Stored data entries:
▬▬▬

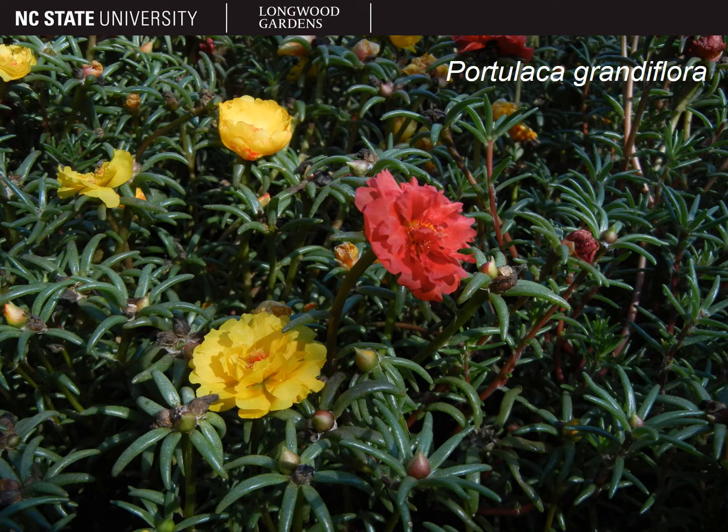Here we have portulaca grandiflora, which is popular for its large flowers, as the specific epithet suggests. The growth habit is similar to portulaca umbratacola, but the leaves are a little smaller, up to an inch long, they're more linear, and they're in whorled clusters, although they may be alternately arranged as well.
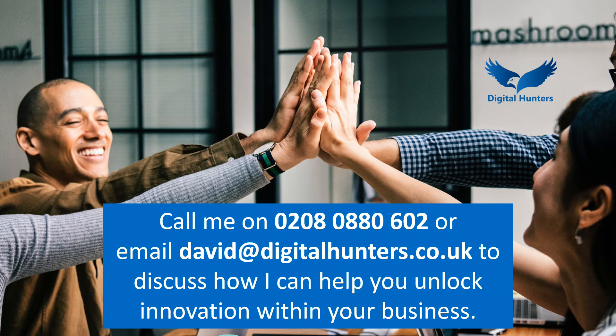If you want to discuss how I can help you unlock innovation within your business, then call me on 0208 0880 602 or email me at david at digitalhunters.co.uk. The links are also available below along with a link to book a session. I look forward to speaking with you.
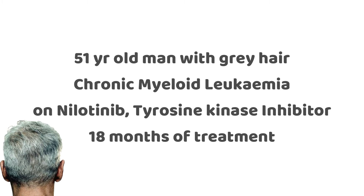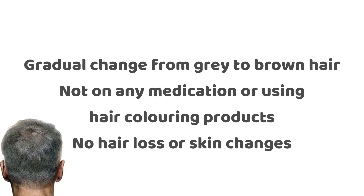During this period, the patient noticed a gradual repigmentation of his grey hair back to his original colour of brown. He was not on any other medication and had not been using any hair colouring products such as hair dyes or shampoos, and there were no other changes in his hair, skin, or any other parts of his body.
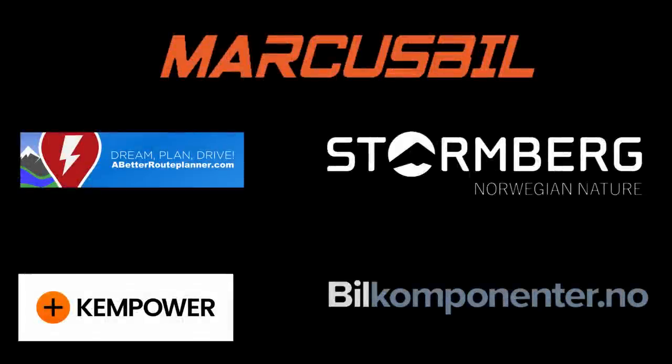This video was brought to you by Abed Reuplaner, Kempower, Markus Biel, Stornberg and Biel Komponente.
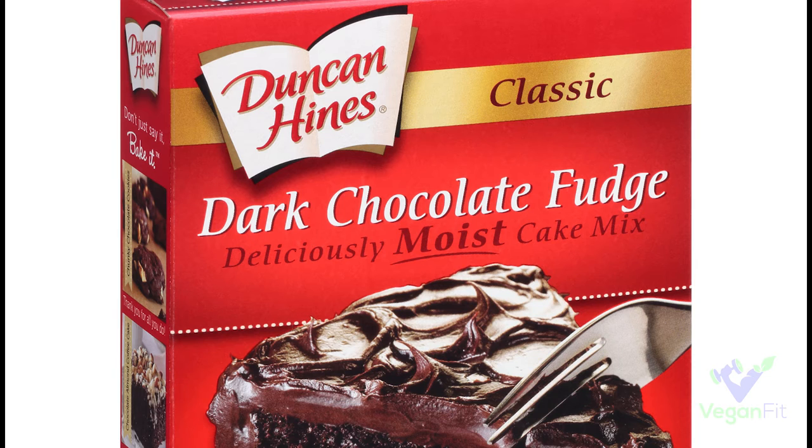Next up you've got Duncan Heinz. A lot of their brownie mixes, cake mixes, and frostings are vegan, so definitely check the label, but most of them are vegan, so that's a big help.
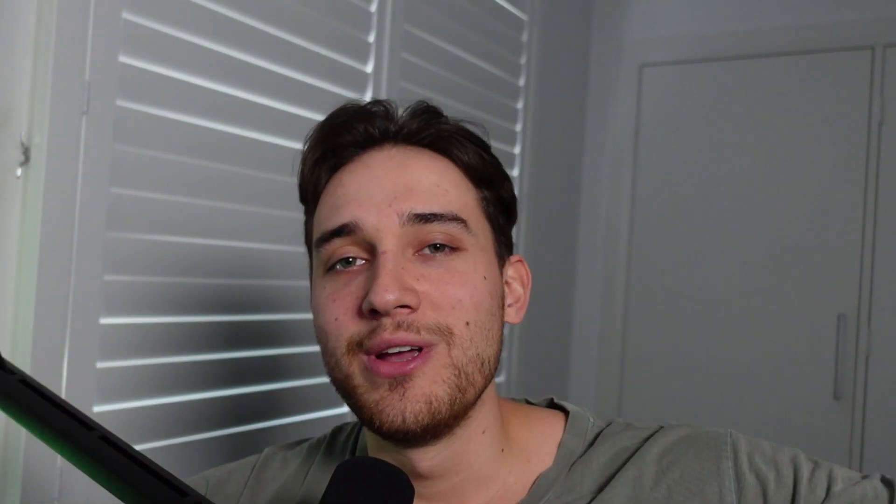If you have any questions, leave a comment below. Like the video if you enjoyed this content, and subscribe to the channel for more Web3 updates. Appreciate you watching this far and I'll see you in the next one.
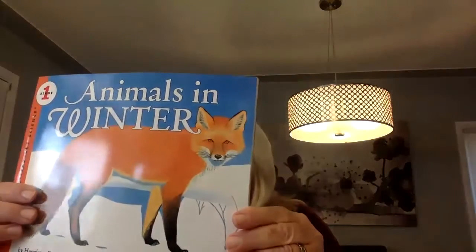First, I'd like to show you some really good books I would recommend that are probably at the library. The first book is Animals in Winter, which explains all kinds of things animals do during the winter — their habitats and things like that. I also have another book called Polar Animals, which has really awesome illustrations and gives science information about different animals.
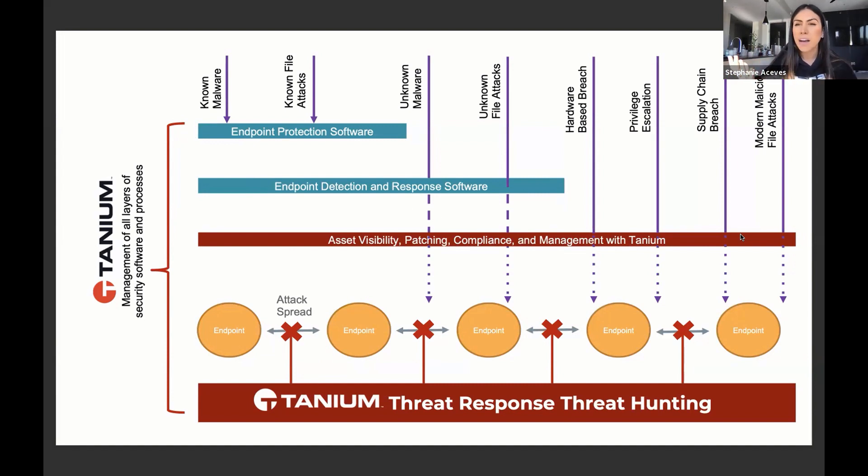I use the words very intentionally — a holistic platform approach — because we're going to start with that preventative or more preparation piece of security. This is your hygiene: patching, updating applications, making sure your hardening guidelines are actually being respected. Up at the top we have known malware and known file attacks — that's kind of like your AV, what you're blocking against. Anything that's already got a signature, that's going to be that first tool set.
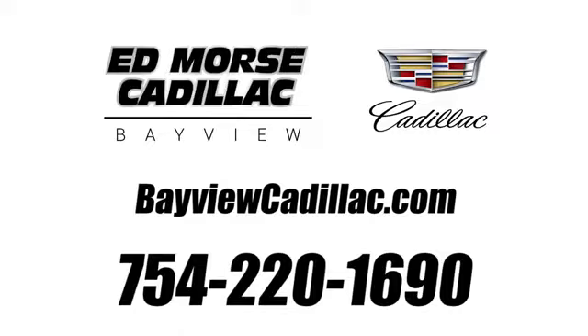Call us today at 754-220-1690. For value and for service, it's Ed Morse.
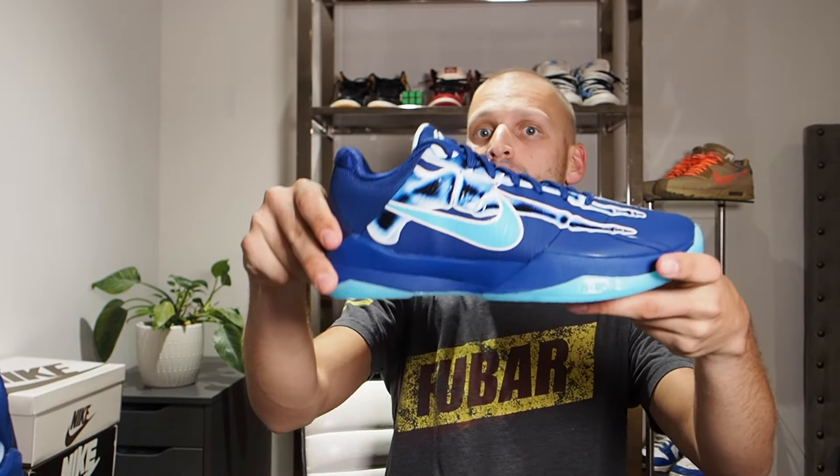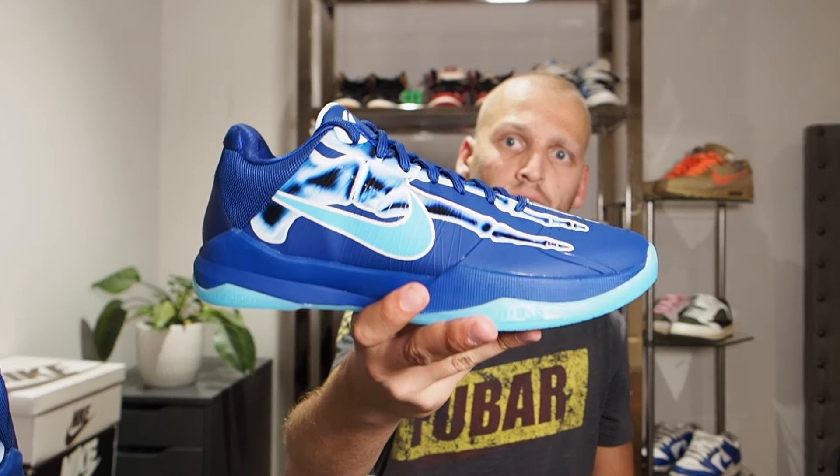I forgot to mention that these Kobe 5s in the X-ray theme actually glow in the dark. I'm going to put some B-roll up - I have a little video as well as some pictures of them glowing in the dark. I don't know why I neglected to mention that earlier because it's literally the coolest thing about this shoe. None of my other shoes glow in the dark - it seems to be a pretty rare feature. I just wanted to jump in and mention that.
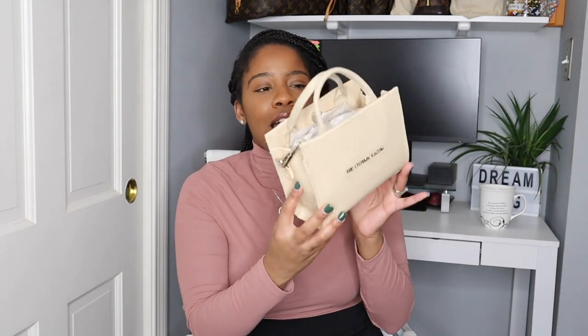Just in case you don't know what the Telfar bags look like, here is one — this is it in the size small. There's also the size medium as well as the size large. I of course have it in every single size, but I just wanted to share this one in case you do not know which bag I'm talking about.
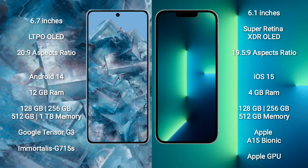The Google Pixel 8 Pro comes with 12GB of RAM and 128GB to 1TB of internal storage, with a Tensor G3 processor and GPU. The iPhone 13 comes with 4GB of RAM and 128GB to 512GB of internal storage, with the Apple A15 Bionic processor and Apple GPU.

▬▬▬

» WORK TASK: In the data above, take the line with "Call us today", the line with "I forgot to", and every line between, and set them down exactly without pictures.

» RESULT:
Call us today at 754-220-1690. For value and for service, it's Ed Morse.
I forgot to mention that these Kobe 5s in the X-ray theme actually glow in the dark. I'm going to put some B-roll up - I have a little video as well as some pictures of them glowing in the dark. I don't know why I neglected to mention that earlier because it's literally the coolest thing about this shoe. None of my other shoes glow in the dark - it seems to be a pretty rare feature. I just wanted to jump in and mention that.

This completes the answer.